- Theatrical release poster
- Directed by: Christie Will
- Written by: Christie Will
- Produced by: Alejandro Salomon Jeff Most Fred Cipoletti Graham Garner Jeff Rice Mike Becker
- Starring: Lacey Chabert Kip Pardue Jenna Dewan Jonathan Bennett Carly Schroeder Haylie Duff Chris Kattan Simon Rex Mircea Monroe
- Edited by: Danny Saphire
- Music by: Michael Tavera
- Release date: December 1, 2012;
- Country: United States
- Language: English
- Budget: $2 million
- Box office: $13,567

= Slightly Single in L.A. =

Slightly Single in L.A. is an American romantic comedy film, written and directed by Christie Will and starring Lacey Chabert, Kip Pardue, Haylie Duff, Carly Schroeder, Jenna Dewan, and Jonathan Bennett.

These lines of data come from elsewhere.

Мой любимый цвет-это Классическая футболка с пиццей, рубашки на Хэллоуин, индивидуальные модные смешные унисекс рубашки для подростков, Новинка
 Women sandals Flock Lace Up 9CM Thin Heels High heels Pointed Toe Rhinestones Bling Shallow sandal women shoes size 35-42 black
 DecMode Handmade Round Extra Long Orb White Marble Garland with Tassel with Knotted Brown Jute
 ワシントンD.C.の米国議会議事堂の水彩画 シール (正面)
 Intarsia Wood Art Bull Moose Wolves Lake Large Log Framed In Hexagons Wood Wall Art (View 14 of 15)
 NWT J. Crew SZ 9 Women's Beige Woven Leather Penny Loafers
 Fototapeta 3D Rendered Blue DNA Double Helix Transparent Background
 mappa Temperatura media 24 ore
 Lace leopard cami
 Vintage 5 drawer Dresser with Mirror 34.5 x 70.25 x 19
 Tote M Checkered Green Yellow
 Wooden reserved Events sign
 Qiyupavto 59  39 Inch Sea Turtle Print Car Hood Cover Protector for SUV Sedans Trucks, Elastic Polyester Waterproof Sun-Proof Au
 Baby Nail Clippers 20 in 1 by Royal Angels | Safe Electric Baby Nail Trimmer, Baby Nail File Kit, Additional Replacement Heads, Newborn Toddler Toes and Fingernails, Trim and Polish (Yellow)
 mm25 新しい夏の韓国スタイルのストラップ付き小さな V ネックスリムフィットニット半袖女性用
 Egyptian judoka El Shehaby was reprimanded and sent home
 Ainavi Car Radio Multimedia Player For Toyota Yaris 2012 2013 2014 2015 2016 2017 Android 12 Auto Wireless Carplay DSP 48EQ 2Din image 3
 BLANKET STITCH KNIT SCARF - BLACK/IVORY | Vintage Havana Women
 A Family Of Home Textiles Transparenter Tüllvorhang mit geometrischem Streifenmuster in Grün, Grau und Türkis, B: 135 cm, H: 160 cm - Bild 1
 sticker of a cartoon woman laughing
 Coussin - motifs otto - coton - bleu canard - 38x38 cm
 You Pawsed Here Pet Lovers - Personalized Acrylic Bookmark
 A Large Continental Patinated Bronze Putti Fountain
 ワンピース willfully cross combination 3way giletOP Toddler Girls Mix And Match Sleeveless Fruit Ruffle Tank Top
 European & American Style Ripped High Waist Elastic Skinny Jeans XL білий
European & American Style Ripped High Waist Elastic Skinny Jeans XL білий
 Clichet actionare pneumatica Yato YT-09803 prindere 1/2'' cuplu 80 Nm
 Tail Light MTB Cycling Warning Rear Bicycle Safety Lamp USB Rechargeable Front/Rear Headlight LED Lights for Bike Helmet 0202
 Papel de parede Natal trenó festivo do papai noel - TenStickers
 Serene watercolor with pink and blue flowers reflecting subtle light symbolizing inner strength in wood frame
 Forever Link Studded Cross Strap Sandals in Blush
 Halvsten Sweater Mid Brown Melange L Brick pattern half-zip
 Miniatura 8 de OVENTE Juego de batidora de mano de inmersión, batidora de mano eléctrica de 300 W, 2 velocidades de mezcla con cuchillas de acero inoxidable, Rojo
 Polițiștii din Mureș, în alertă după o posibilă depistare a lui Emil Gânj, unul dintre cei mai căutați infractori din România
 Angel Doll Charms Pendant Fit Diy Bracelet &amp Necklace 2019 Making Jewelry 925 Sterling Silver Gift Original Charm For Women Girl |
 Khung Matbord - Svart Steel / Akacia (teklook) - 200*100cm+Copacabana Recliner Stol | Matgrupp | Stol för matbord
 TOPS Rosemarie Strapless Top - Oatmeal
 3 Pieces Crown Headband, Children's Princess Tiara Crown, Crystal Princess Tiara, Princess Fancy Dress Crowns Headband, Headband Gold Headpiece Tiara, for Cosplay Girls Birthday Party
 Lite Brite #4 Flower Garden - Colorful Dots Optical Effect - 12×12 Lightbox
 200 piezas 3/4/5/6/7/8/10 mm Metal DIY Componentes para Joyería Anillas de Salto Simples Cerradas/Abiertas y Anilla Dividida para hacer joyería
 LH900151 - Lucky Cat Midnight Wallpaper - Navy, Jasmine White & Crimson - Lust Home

The film was released in December 2012.

==Cast==
- Lacey Chabert as Dale Squire, the main protagonist
- Kip Pardue as Zach, Dale's love interest
- Jenna Dewan as Hallie, one of Dale's best girl friends
- Carly Schroeder as Becca, one of Dale's best girl friends
- Jonathan Bennett as Seven, Dale's best friend
- Haylie Duff as Jill, Dale's other best friend
- Mircea Monroe as CeCe, a friend of Zach's
- Chris Kattan as Drew, Jill's fiancé
- Simon Rex as J.P., a photographer that Dale sleeps with from time to time

==Plot==
Dale (Chabert) a television producer for a reality TV show, has had a poor history of dating. So she moves to Los Angeles, and just enjoys hanging out with friends, and has sworn off dating. That is until an old friend from many years ago (Pardue) reappears in her life.

==Production==
The film was shot on location in Los Angeles, California. Production used various restaurants, parks, homes, and clubs in Los Angeles for some of the film, including the Les Deux and Wonderland nightclubs. The film was produced by Helios Productions, along with Most/Rice Films and Imprint Entertainment.

==Music==
Original music which accompanied the film includes The Aaron Hendra Project and Charly (21st Century Girl).